Presiden RI Susilo Bambang Yudhoyono hari Kamis (31/10), mengakhiri kunjungan kenegaraan di Provinsi Sumatera Barat. Ini tercatat kunjungan terlama SBY di Ranah Minang, berlangsung selama tiga hari tiga malam. Selama di ranah "urang awak" itu, Presiden menginap di Istana Bung Hatta, Kota Bukittinggi. Seperti lazim sebelumnya, Istana Kepresidenan pun pindah ke Istana Bung Hatta. Semua aktivitas sebagai Kepala Negara dan Kepala Pemerintahan, dilakukan Presiden SBY di Istana Bung Hatta Bukittinggi. Mulai dari rapat kabinet terbatas, rapat kerja ketahanan pangan nasional, menerima tamu dan memanggil para menteri dilakukan SBY selama berkantor di Istana Bung Hatta.
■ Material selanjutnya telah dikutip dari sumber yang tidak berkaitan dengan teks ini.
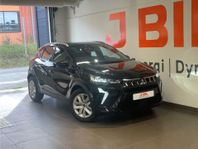 Mitsubishi ASX MHEV Intense 160hk Aut - OMGÅENDE LEVERANS!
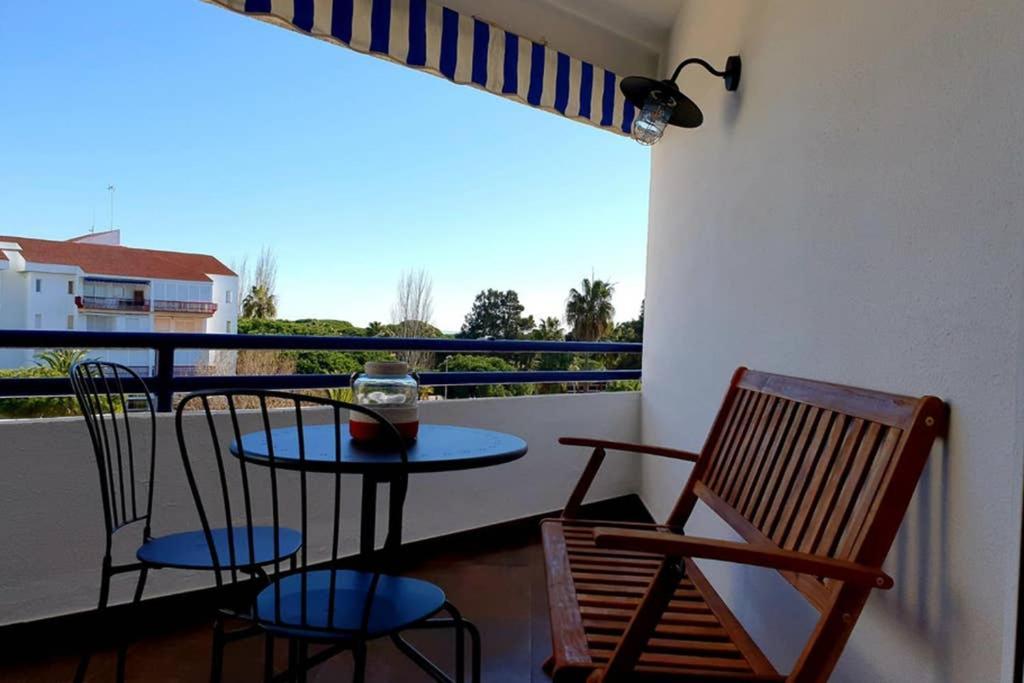Arabia'S Loft II Nuevo Portil Apartment El Portil Exterior foto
Kehadiran Presiden SBY untuk waktu yang cukup lama di Ranah Minang ini, tentu harus diapresiasi tinggi dan khusus oleh masyarakat Sumbar. Biasanya, jika kunjungan kerja ke sejumlah daerah, SBY paling hanya satu hari atau kalau pun menginap paling lama satu malam. Tapi, yang terjadi di Sumbar justru sebaliknya. SBY "memindahkan" Istana Negara ke Istana Bung Hatta Bukittinggi tiga hari tiga malam. Inilah kebanggaan yang pantas diapresiasi masyarakat Sumbar.
Kehadiran SBY di Ranah Minang, bisa ditafsirkan banyak makna. Bisa dikaitkan dengan konstelasi politik nasional akhir-akhir ini, bisa pula dimaknai sebagai sesuatu yang lumrah. Karena barangkali, Presiden SBY memang nyaman berada di Ranah Minang dan nyaman berinteraksi dengan masyarakat Sumbar.
Kita ikut memberikan apresiasi dan menilai positif kehadiran Presiden SBY di Sumbar kali ini. Sebab, selama di daerah itu SBY meresmikan sejumlah proyek monumental yang berperan strategis untuk mempercepat laju pertumbuhan ekonomi dan pembangunan. Jembatan layang Kelok Sembilan misalnya. Jembatan layang sepanjang 943 meter itu, dibangun dengan dana Rp602 miliar, berperan penting untuk mobilitas barang dan manusia lintas provinsi terutama dari Sumbar ke Riau atau sebaliknya.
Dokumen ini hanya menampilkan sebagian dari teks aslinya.